When the Howard government bragged about “record low interest rates” the cash rate was 4.25%. Back then our level of household debt was around 117% of annual household income; now it is 186%. Our interest payments then were just equal to 7.1% of total household income; now they are already at 8.2%.
We pay lower rates, but we have much more debt:
It means that a cash rate of 4.25% would now create higher interest repayments than that which occurred just before the GFC, when the cash rate was above 7%.
The RBA no longer needs to raise rates by as much to slow the economy. And unless we are about to experience the greatest surge of economic growth in our history, I can’t see the cash rate reaching even 4% this decade.
We also know from previous recessions that we are about to see a decade or so of living standards below what we could have expected.
It took nine years for Australia’s GDP per capita to return to the levels it was projected to reach before the recession hit in 1990:
But we face particular issues this time. As I noted last week, unusually for an economy that might enter a recession, we have not been experiencing a boom period.
After the 1990s recession, real household income per capita fell 8%, and it took nearly six years to return to the level it was in March 1990. But our current real household income per capita has already been falling for more than five years:
What previous recessions show is the labour market is about to undergo a massive change. And the biggest change will be for male full-time workers.

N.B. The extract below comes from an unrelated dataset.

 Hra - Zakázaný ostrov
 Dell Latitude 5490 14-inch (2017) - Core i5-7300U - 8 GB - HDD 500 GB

The recessions of the 1980s and 1990s and even the GFC saw the percentage of men working full-time collapse.
And it never recovered:
The next six months look set to shift what we regard as normal – not just in our economy but our society.
The government and Reserve Bank will need to do all they can to reduce that shift, but experience shows that some things in the economy will take five to 10 years to recover to where they were, and some things will never recover.